Que no. Que no quiero
verlo, tu novio nuevo –le dije a mi sobrina en aquella ocasión. A ella se la
veía ilusionada, y a mí: preocupado por la rapidez con que mi sobrina
completaba los ciclos amorosos en un santiamén. ¿Por qué? –me preguntó,
obligándome a regresar a lo inmediato y real de la pronta aparición del
muchacho. Porque no quiero tener que desengancharme una vez más –le respondí,
aunque no fueras estas mis palabras, sino: Porque no. Para no estar basta con
irse. O con no llegar a tiempo. Mi sobrina, sin embargo, apaciguó mi rabia con
un beso. Un beso tierno en la mejilla rompió mi resistencia. Con ese beso me
devolvió a meter en su vida, en la cual yo era también, como su novio y la
decena de novios precedentes y los regalos de cumpleaños que le hacíamos,
momentos y circunstancias no memorables de la misma. Y era dulce, placentero,
al menos para mí, sentirse así. Irrelevancia. Contingencia. Mojón de carretera
en una de tantas como había en el mapa de su vida. Continuación y no
renacimiento, como a diario me forzaba a experimentas mientras todavía yo era
joven y ver crecer a mi sobrina y a mis hijos y a la gata que nos regaló don
César, tapaba el hecho más que probable de ser yo, en realidad, quien menguaba:
como las cuentas de ahorro: para ir tirando mientras tanto.
Un día –mas hará de esto
varios meses, de modo que mi memoria puede andar algo alterada, rehecha hasta
el extremo de presentarse del todo favorable, lo cual es el mejor aporte de la
memoria y no convertirte en un concienzudo archivero de ti mismo- me perdía de
vinos con los compañeros en la terraza de la Tapería. Bebíamos. Charlábamos. Nos
aburríamos con la alegría de lo repetido, cuando, por arte de birlibirloque,
porque el Trilero Cándido nos mueve a su antojo, descubrí a una hermosa
desconocida sentada a mi vera. Esta es A. –me presentó B., amigo por separado
de ambos, como así ocurre modernamente en eso de la redes sociales. Seguimos bebiendo,
charlando, aburriéndonos hasta el momento en que los compañeros, en lugar de
acudir como en los versos de César Vallejo, se fueron retirando, víctimas
tempranas del hastío. Al cabo, en la terraza sólo quedábamos A. y yo a fuerza
de un azar tan objetivo como involuntario por nuestra parte. Pero era tan tarde
que la taberna se cerraba y hubimos de marcharnos. -¿Vienes a casa? –me preguntó
A. agarrándose a mi brazo y dejando reposar su cabeza sobre mi hombro. Claro –le
respondí y tan juntos fuimos a coger un taxi, que ya nos esperaba así todo
estuviese escrito. De repente me paré. Nos paramos los dos en mitad de la
plaza, a la misma distancia de los camareros sonrientes por el final que
imaginaban y el taxista satisfecho por la carrera a la vista. Y estando parados
cambié mi decisión (o estropeé la de ella, junto con las ilusionadas esperanzas
de camareros y taxista). Me quedo –dije. ¿Por qué? –me pregunto con inquietud A.

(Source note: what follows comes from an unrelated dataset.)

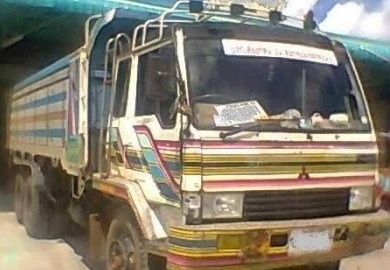 MITSUBISHI FUSO FN527 - 195 HP 6D16 MA สิบล้อดั๊มพ์ 2 เพลา กระบะดั๊มพ์มิเนียม 12 ตันสภาพสวย เครื่องแน่นแรงดีเดิมๆ ภายในเก๋งคอนโซลเรือนไมล์สวยครบ พวงมาลัยเพาเวอร์ ระบบเบรคทริ๊ปฟี้ครบครัน ช่วงล่างแน่นคัชซีสวยมากไม่มีบวมเลย ยางสภาพดี 10 เส้นประมาณ 70\% พร้อมบ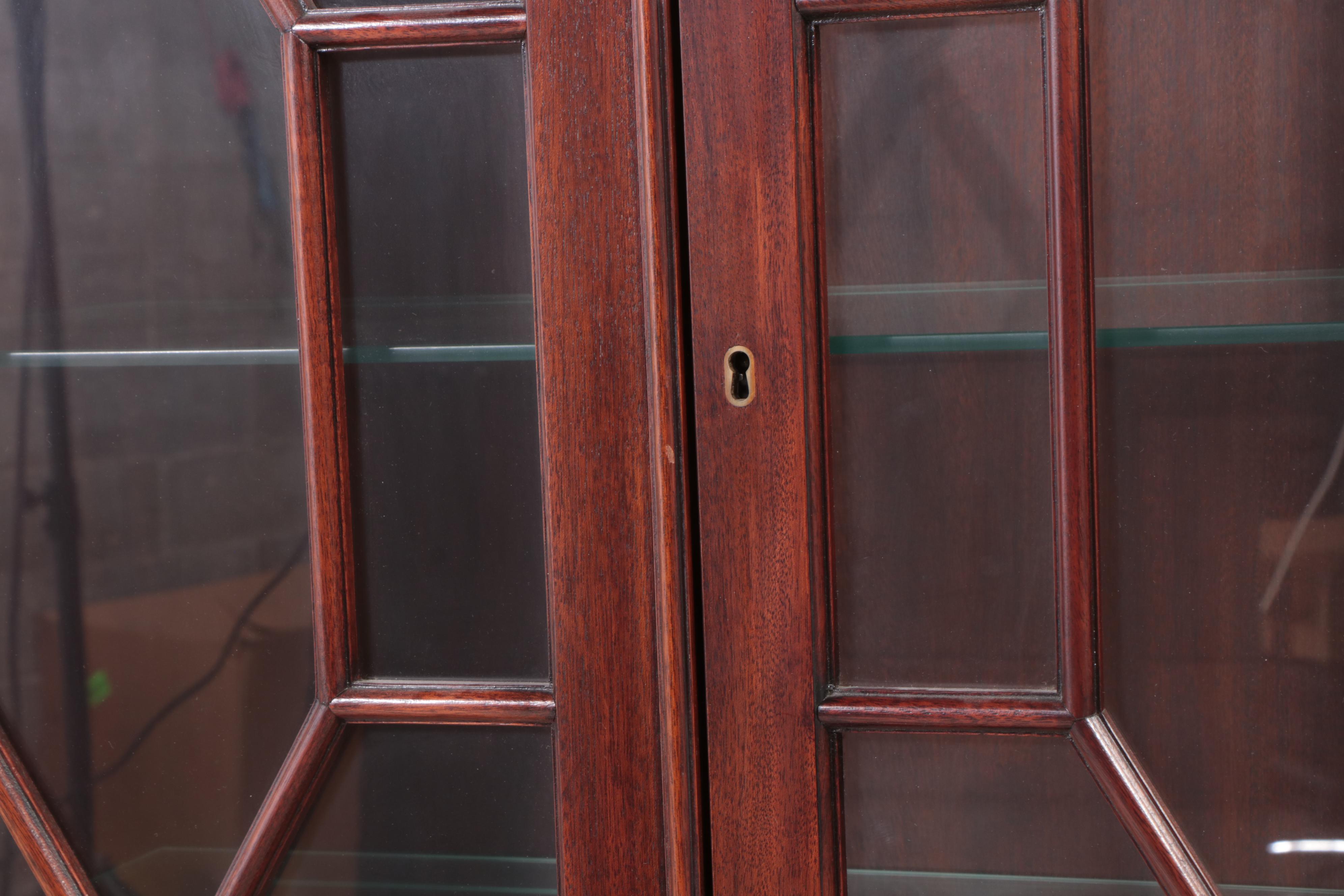 Henkel-Harris "Virginia Galleries" Mahogany Breakfront China Cabinet, dated 1987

Porque si voy, a lo mejor me gusta –le respondí. No te entiendo –me contestó-
Ni yo, pensé, pero en lugar de eso le confesé: A lo mejor me gusta y me
engancho y yo no quiero volver a engancharme en nada.
No conviene, leí en
alguna parte, convocar demonios a los que no puedas dominar. Sobre todo a esta
edad mía, tan alejada de sus comienzos, cuando ya todo tiende a desengañarte. Es
lo malo de la experiencia. Lo peor de guardar una memoria decidida a mostrarte
su predilección por tus arrepentimientos. No, la memoria sólo se vuelve
favorable cuando desaparece. Y esto no llega a ocurrir nunca, pues es ella
misma quien se encarga de mostrarte, a lo que le convenga, el mayor de todos
tus constantes incumplidos: olvidarte de ellos. Porque entonces ya estás muerto.
Y entonces, ¿qué ha de decir un muerto?,
nos inquiere saber Luis Cernuda.
A Ch.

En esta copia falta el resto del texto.